Most Colleges Reject Divestment
Fortunately, and despite the fact that divestment activists have grown louder, a mere 0.24 percent of colleges and universities worldwide have divested from fossil fuels, according to the NAS report. Moreover, only 34 percent of “divested” colleges and universities have fully shed their fossil fuel investments—NAS calls these colleges DINOs (divestment in name only).
According to the Institute for Energy Research’s Robert Bradley, there are at least three reasons for the lack of divestment success:
First, every American is a prolific fossil-fuel user, and substitutes (ethanol for gasoline, wind/solar for electricity) are limited, expensive, unreliable options. Second, many—if not most—Americans are rewardingly invested in the oil, gas, coal, and electricity industries. Third, profit-seeking investors can be expected to buy as fringe emotional investors sell, leaving stock prices unchanged.
As a result, at least thirty-five American colleges and universities who have been pressured have declined to divest. According to formal statements issued by twenty-nine of these institutions, the single most popular reason they chose to reject divestment was its ineffectiveness at improving the environment, followed by the high costs of divesting.
Even the divestment advocates themselves acknowledge that divesting from fossil fuels will not decrease the share prices of fossil fuel companies or shrink their profits. And yet, activists continue to escalate their efforts, encouraging a generation of students to reject intellectual integrity and give in to environmentalist groupthink.
Divestment is Astroturf
The NAS study points out that although students are the face of the divestment movement, it is actually controlled by professional pressure groups like Bill McKibben’s 350.org:
[NAS President Peter] Wood explained, “The divestment campaigns have been organized by professional activists. Our report peels back the image the campaign projects of an organic student-led movement. In fact, it is a nationally orchestrated campaign with top-down directives.”
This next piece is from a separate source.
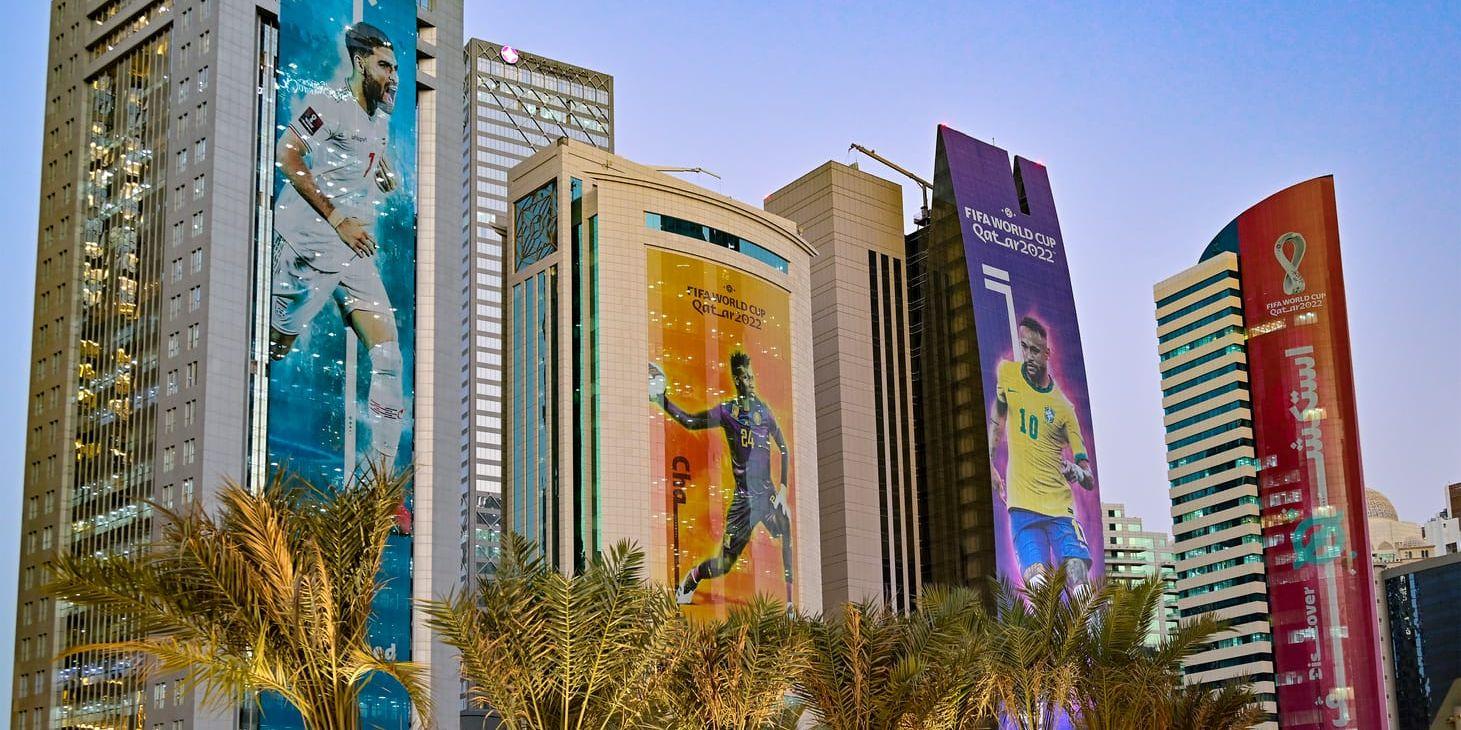 Husfasader i Doha, Quatar, täckta med jättelika bilder på fotbollsstjärnor.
350.org, the organization that brought the campaign to national prominence, pays and trains students for activism and schedules campus protests. “The divestment movement is astroturf,” said [NAS Director of Research Projects Rachelle] Peterson.
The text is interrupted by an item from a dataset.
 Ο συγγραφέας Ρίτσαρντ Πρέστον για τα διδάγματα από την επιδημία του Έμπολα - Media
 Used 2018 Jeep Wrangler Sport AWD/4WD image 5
These national activist organizations train college students to act as front-runners for the crusade, with the goal of advancing their political agenda. It is therefore unsurprising that divestment efforts have intensified in the midst of legal challenges to EPA’s carbon regulation and in the months leading up to the UN Climate Summit in Paris. In fact, the divestment movement calls this fall “escalation season.”
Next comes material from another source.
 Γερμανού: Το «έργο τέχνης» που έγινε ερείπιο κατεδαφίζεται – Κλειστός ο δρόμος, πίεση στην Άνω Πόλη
The divestment movement is morally bankrupt. As we continue to point out, eliminating fossil fuels would consign billions of people to poverty and darkness. Divestment also hurts poor students by leaving universities with less money to spend on need-based financial aid. If left unchecked, this immoral attack on human development will continue to invade colleges and universities across America, undermining intellectual integrity and promoting policies that hurt the poorest among us.